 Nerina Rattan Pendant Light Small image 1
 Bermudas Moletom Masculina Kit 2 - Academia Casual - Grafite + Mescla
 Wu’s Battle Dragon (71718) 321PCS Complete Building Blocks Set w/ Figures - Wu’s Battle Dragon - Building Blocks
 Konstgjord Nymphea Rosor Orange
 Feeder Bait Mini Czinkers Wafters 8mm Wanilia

---

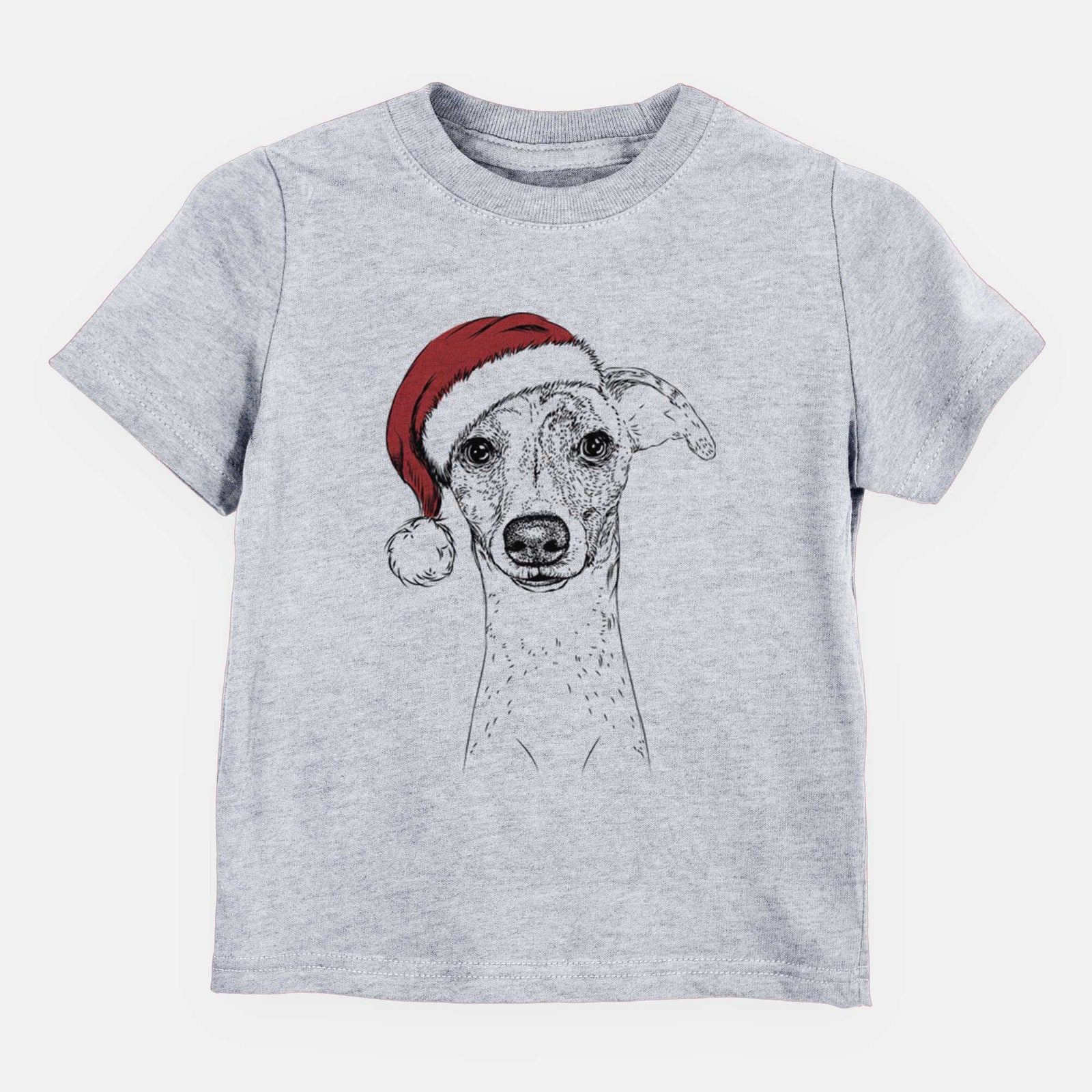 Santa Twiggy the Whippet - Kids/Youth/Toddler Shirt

WHAT YOU SHOULD DO |
From the data above, reproduce word for word the lines running from the line with "Konstgjord Nymphea Rosor Orange" to the line with "Feeder Bait Mini", ends included.

SOLVED PROBLEM |
 Konstgjord Nymphea Rosor Orange
 Feeder Bait Mini Czinkers Wafters 8mm Wanilia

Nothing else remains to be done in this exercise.